Ever wanted to do more than just study at Uni? Want to learn some lawyerly skills? The competitions at TULS offer are a great way of learning and practicing new skills which will be valuable during your law degree as well as after graduation. We know it can be intimidating to try something new, but TULS has prepared an awesome handbook to give you all the essential information as well as answer any burning questions you may have about each competition.
Don’t forget to check the TULS noticeboard for signups and important information!
If you have previously competed in a national competition, you may be eligible to apply for an exemption of your faculty moot. Click Here for further information
Competitions at TULS
The Competitions Handbook is available for download here.

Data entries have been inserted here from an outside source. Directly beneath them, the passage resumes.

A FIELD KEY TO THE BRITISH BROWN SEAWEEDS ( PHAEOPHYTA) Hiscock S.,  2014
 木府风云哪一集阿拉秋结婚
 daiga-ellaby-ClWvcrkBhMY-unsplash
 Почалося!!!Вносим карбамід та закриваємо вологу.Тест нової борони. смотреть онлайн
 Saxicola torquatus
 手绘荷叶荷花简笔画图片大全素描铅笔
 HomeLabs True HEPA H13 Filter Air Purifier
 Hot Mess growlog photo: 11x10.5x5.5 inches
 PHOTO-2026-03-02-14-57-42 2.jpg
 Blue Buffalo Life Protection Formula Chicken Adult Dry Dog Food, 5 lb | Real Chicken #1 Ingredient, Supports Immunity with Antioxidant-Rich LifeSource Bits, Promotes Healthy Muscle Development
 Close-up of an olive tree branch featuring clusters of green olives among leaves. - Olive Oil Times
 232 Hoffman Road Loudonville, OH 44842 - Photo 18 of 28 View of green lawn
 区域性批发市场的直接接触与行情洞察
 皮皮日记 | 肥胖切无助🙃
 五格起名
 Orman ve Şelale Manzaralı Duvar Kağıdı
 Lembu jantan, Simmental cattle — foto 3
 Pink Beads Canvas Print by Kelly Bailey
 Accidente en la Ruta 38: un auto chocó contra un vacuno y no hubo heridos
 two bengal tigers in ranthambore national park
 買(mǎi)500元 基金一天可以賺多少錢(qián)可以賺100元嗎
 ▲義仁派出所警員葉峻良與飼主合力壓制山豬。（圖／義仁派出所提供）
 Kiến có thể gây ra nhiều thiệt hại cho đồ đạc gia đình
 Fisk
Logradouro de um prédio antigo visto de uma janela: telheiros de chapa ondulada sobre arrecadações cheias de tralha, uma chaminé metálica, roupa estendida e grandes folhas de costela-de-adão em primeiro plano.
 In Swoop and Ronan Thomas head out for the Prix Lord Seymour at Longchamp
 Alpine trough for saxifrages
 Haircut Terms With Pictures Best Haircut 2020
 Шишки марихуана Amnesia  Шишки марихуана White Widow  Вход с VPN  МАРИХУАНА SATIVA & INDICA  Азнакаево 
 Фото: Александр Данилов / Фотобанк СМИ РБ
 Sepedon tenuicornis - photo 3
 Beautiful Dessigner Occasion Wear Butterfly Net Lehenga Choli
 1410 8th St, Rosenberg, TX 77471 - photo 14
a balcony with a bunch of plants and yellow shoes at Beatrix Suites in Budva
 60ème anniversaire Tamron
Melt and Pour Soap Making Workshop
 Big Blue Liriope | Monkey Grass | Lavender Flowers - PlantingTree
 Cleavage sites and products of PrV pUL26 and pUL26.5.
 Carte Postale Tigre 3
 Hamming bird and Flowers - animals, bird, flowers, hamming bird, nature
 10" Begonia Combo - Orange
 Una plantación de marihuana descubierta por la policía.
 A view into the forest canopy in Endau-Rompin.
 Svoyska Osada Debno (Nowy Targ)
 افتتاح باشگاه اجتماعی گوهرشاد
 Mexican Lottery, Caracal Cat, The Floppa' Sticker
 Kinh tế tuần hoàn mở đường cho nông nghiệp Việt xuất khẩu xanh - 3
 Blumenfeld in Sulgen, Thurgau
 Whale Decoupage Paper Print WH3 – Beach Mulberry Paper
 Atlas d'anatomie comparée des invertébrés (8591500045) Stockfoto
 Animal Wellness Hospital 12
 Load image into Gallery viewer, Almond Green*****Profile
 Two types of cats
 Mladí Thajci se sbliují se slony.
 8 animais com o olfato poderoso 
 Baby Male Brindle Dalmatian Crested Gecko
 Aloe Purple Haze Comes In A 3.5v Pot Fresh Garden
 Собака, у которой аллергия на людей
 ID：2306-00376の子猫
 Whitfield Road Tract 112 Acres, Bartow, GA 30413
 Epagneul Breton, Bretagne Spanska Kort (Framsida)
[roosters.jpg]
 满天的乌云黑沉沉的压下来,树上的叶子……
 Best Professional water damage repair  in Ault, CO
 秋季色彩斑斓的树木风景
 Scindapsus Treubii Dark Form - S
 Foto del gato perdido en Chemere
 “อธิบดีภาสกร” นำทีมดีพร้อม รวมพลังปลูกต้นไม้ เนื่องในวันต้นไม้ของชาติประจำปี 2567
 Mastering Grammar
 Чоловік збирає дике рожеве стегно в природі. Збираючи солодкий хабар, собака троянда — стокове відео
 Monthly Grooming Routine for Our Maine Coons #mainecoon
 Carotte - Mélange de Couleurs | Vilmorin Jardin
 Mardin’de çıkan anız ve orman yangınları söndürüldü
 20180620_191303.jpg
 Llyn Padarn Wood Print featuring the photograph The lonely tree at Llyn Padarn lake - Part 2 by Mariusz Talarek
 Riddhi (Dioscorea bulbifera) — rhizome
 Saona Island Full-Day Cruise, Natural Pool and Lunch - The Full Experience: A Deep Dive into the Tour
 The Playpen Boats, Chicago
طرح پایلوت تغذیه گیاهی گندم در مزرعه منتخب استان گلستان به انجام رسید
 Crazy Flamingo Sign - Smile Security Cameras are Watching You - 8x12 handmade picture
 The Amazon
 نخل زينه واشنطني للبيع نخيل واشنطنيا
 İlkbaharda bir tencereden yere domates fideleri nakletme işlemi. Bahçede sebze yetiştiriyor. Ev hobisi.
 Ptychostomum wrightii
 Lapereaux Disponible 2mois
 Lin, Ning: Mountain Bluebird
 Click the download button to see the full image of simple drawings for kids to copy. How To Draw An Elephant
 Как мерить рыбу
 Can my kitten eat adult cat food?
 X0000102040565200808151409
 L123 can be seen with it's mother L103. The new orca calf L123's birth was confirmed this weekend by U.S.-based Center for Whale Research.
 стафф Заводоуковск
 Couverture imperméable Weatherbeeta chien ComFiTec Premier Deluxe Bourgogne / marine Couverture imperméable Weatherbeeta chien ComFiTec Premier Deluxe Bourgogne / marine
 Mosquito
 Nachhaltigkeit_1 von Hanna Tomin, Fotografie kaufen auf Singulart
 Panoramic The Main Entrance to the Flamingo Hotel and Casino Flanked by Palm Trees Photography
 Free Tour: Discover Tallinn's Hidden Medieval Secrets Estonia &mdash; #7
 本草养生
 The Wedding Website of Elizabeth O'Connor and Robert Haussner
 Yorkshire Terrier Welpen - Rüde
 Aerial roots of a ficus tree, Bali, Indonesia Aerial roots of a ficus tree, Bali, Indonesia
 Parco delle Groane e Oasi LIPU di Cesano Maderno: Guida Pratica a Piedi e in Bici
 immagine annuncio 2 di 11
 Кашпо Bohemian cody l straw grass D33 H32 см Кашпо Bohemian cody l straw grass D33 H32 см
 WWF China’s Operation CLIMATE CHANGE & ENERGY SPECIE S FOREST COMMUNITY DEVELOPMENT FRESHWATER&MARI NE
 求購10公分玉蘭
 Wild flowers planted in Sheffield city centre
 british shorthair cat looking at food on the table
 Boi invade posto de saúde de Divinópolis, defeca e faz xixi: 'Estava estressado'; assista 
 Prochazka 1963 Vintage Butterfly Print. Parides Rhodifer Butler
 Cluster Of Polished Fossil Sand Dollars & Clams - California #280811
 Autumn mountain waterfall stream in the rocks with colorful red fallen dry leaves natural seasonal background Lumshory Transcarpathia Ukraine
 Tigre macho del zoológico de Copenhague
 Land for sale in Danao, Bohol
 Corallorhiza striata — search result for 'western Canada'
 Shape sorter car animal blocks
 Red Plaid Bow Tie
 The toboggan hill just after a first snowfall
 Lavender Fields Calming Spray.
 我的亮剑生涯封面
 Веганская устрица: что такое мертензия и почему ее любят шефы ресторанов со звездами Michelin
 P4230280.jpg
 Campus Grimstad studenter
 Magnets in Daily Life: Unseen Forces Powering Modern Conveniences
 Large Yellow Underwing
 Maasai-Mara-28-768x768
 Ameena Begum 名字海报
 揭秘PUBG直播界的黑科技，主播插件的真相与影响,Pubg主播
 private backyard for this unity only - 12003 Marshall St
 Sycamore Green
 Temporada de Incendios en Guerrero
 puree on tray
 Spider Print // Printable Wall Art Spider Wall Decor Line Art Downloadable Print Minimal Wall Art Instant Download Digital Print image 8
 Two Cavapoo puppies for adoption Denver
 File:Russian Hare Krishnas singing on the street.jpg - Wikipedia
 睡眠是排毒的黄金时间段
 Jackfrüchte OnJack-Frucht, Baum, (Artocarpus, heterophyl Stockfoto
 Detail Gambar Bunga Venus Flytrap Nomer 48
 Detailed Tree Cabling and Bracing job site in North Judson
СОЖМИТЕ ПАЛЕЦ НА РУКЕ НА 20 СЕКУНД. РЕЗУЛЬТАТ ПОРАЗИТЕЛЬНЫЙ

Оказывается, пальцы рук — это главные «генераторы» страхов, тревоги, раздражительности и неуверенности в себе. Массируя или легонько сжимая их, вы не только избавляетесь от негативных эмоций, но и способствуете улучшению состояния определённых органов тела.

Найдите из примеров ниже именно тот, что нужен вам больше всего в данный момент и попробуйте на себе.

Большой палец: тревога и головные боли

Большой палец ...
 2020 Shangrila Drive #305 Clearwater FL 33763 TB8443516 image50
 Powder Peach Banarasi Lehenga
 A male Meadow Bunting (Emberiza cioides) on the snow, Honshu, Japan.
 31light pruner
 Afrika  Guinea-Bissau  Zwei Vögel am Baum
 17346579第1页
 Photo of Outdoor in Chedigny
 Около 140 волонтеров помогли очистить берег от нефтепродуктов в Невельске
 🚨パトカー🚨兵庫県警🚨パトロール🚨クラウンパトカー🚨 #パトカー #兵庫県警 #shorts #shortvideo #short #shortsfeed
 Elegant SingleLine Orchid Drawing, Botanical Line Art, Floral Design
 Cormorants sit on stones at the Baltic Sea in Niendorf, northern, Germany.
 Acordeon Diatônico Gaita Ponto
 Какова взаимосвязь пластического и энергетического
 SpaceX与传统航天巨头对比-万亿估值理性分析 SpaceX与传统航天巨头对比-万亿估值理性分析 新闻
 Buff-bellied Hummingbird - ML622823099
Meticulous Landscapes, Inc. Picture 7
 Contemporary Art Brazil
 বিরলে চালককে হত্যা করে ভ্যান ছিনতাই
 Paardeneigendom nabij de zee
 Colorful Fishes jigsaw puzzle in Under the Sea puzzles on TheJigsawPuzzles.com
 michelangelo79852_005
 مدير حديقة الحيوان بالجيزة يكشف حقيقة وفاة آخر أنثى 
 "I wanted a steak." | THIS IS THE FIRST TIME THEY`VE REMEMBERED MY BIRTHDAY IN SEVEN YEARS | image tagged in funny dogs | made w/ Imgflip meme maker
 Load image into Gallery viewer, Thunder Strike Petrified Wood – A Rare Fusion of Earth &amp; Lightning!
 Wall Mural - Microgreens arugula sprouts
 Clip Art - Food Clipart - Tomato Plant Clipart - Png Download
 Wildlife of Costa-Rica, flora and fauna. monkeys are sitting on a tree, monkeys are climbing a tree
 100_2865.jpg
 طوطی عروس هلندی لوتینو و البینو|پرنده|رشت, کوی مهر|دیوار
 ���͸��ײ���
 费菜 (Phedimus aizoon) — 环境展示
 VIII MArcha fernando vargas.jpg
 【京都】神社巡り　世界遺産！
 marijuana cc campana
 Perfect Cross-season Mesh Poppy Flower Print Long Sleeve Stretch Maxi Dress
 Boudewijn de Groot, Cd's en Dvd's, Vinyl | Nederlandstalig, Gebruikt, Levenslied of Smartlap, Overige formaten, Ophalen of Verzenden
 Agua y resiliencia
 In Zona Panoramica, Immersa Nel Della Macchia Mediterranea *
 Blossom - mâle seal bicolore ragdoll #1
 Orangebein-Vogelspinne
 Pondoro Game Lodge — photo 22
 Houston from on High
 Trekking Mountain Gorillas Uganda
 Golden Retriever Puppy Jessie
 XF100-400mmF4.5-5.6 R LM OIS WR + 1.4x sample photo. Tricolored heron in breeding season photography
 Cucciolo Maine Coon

The definitive guide to TULS competitions including valuable information on:
The “National” Moot Competition
The Witness Examination Competition
The Negotiation Competition
The Client Interview Competition
If you don’t know what mooting is by now, it’s high time you found out! Mooting is a mock trial in front of judges (they may be actual judges, faculty staff, alumni etc) where the mooters present oral arguments to argue for a case. There are usually 4 people presenting (2 applicants and 2 respondents) and both sides will present arguments and take questions from the bench (judges).
Mooting is one of the most exciting things you can do at law school and one of the most useful skills to develop for a legal career.
Want to negotiate the terms of a contract? Or strike a deal which is beneficial for all parties? The negotiation is the competition for you! This competition involves working in pairs against another team- where both parties are usually representing client in order to achieve some outcome. It requires quick thinking, forward planning and excellent strategy.
If you want to work with people in the future and not robots then client interviewing may be a great place to start your competition career. Client interviewing is just that- interviewing clients at a ‘legal office’, they can be grumpy old men, distracted or bereaved individuals with little knowledge of the law.
During this competition you will be expected to discover the crux of the client’s legal issue, ask the relevant questions and present the client with well structured and logical advice. Some clients may need a little bit of a push to get information from them whilst others may divulge seemingly useless information; it is your job to discover the important bits.
This is an evidence based competition which will see competitors grill witnesses for both side (in-chief and cross examine). As well as examining witnesses you will give an opening and closing address to present your clients case. This competition requires quick thinking, a lot of spunk and confidence.
ALSA conference (Australian Law students Association)
So you have probably heard this term ALSA being thrown around, it’s the Australian Law Students Association conference and it happens every year at a different uni around Australia. It is a week full of competitions, parties, meeting new people and hearing amazing lectures from inspirational legal professionals. There are two ways to get there;
- if you are a 3rd, 4th or 5th year, secure your place by competing ALSA try outs. If successful you will be offered a place on the team and most of your expenses (registration and accommodation) will be covered or;
- You can come along as a general delegate, yes you will have to pay for yourself but it is worth it and many graduated name ALSA as the best thing they did during their law degree, open to all years and a great experience for all law students.